Nota para o facto de a sua instalação não ser permitida no caso de ser suscetível de prejudicar a utilização, por parte de alguns condóminos, tanto das coisas próprias como das comuns.

Sou obrigado a participar em todas as despesas do condomínio?

As despesas relativas aos diversos lanços de escadas ou às partes comuns do prédio que sirvam exclusivamente algum dos condóminos ficam a cargo dos que delas se servem.

De igual modo, nas despesas dos ascensores participam só os condóminos cujas frações por eles possam ser servidas, significando isto que, por exemplo, um condómino que habita no rés do chão de um condomínio que não tem garagem, tem, à partida, dispensa do pagamento das despesas contendentes com elevadores, na medida em que deles não usufrui.  

Deveres dos condóminos

Sou obrigado a pagar as quotas do condomínio e o fundo de reserva?

Num condomínio existem uma série de despesas comuns, que têm como fim garantir o seu normal funcionamento do condomínio, como por exemplo a eletricidade da escadaria e a limpeza das áreas comuns.

Por norma, o condómino participa nessas despesas na proporção do valor da restiva fração, pelo que a quota de um condómino será tanto maior quanto for a dimensão da sua fração.

Em cada condomínio é obrigatória ainda a constituição de um fundo comum de reserva, que visa custear as despesas de conservação.

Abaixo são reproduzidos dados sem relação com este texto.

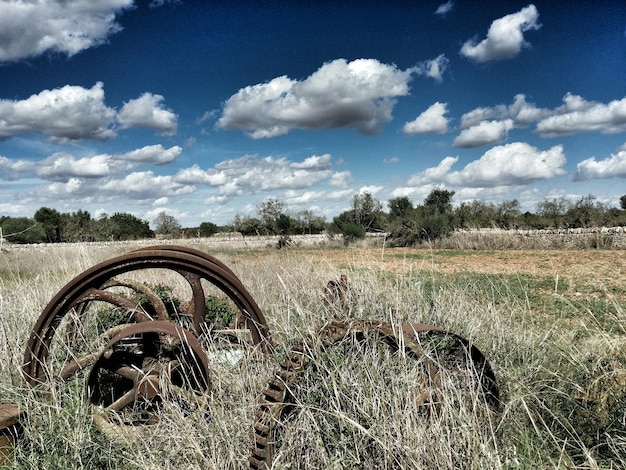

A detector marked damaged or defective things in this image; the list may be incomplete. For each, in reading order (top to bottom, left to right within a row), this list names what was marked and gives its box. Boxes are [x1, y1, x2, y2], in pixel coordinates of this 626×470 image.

rusty metal wheel [23, 248, 272, 388]
rusted metal frame [23, 250, 272, 386]
rusted machinery [6, 246, 498, 466]
rusty metal wheel [246, 320, 442, 470] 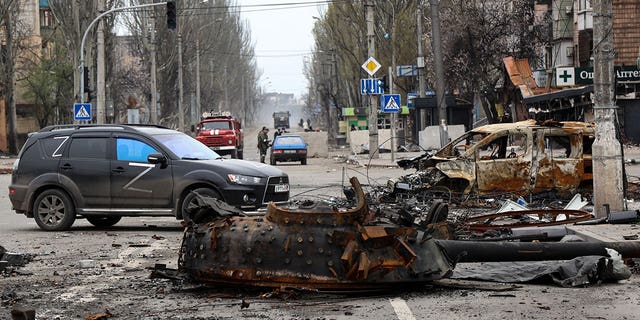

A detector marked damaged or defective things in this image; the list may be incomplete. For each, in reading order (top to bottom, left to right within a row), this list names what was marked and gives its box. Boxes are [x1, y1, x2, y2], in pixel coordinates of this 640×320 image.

burned car [392, 120, 596, 198]
burned car frame [396, 120, 596, 198]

Cada condómino contribui para esse fundo com uma quantia correspondente a, pelo menos, 10% da sua quota-parte nas restantes despesas do condomínio.

Caso não pague, o que poderá acontecer?

Quando o condómino não procede ao pagamento pontual das suas obrigações perante o condomínio, a administração poderá exigi-las judicialmente, mormente avançando com processos executivos contra os condóminos devedores, bastando para tal a exigência de uma ata da reunião da assembleia de condóminos que delibere o montante das contribuições devidas ao condomínio ou quaisquer despesas necessárias à conservação e fruição das partes comuns e ao pagamento de serviços de interesse comum, que por força da lei constitui título executivo.

O seguro contra incêndios é obrigatório?

Sim. É obrigatório o seguro contra o risco de incêndio do edifício, quer quanto às frações autónomas, quer relativamente às partes comuns.

O seguro deve ser celebrado pelos condóminos, ainda que o administrador deva, todavia, efetuá-lo quando os condóminos o não hajam feito dentro do prazo e pelo valor que, para o efeito, tenha sido fixado em assembleia, caso em que ficará com o direito de reaver deles o respetivo prémio.

Sou proprietário de uma fração destinada a comércio, posso afetá-la a habitação?

Os condóminos têm o dever de respeitar o fim atribuído à fração, ou seja, se o prédio se destina a habitação, não poderão os condóminos afetar as suas frações a escritórios ou a estabelecimentos comerciais.

Que outros deveres tenho como condómino?

Os condóminos devem ainda respeitar e preservar os espaços comuns do prédio no que diz respeito à sua função e manutenção, estando-lhes, desde logo, especialmente vedado prejudicar, quer com obras novas, quer por falta de reparação, a segurança, a linha arquitetónica ou o arranjo estético dos edifícios.

Ademais, as relações entre os condóminos estão sujeitas à disciplina das relações entre vizinhos, quer quanto às suas frações autónomas, quer quantos às partes comuns, devendo, por exemplo, respeitar as regras relativas à emissão de ruídos e o período normal de descanso.

Regulamento do condomínio

Havendo mais do que quatro condóminos e caso não faça parte do título constitutivo, deve ser elaborado um regulamento do condomínio que disciplina o uso, a fruição e a conservação das partes comuns.

Este instrumento, que tem como finalidade estabelecer as regras que orientam a vida do condómino e a forma de resolução de eventuais conflitos, deve, pela importância prática que assume, ser do conhecimento de todos os condóminos.

– artigo redigido por um jurista tendo em conta o disposto no Código Civil (Decreto-Lei n.º 47344/66).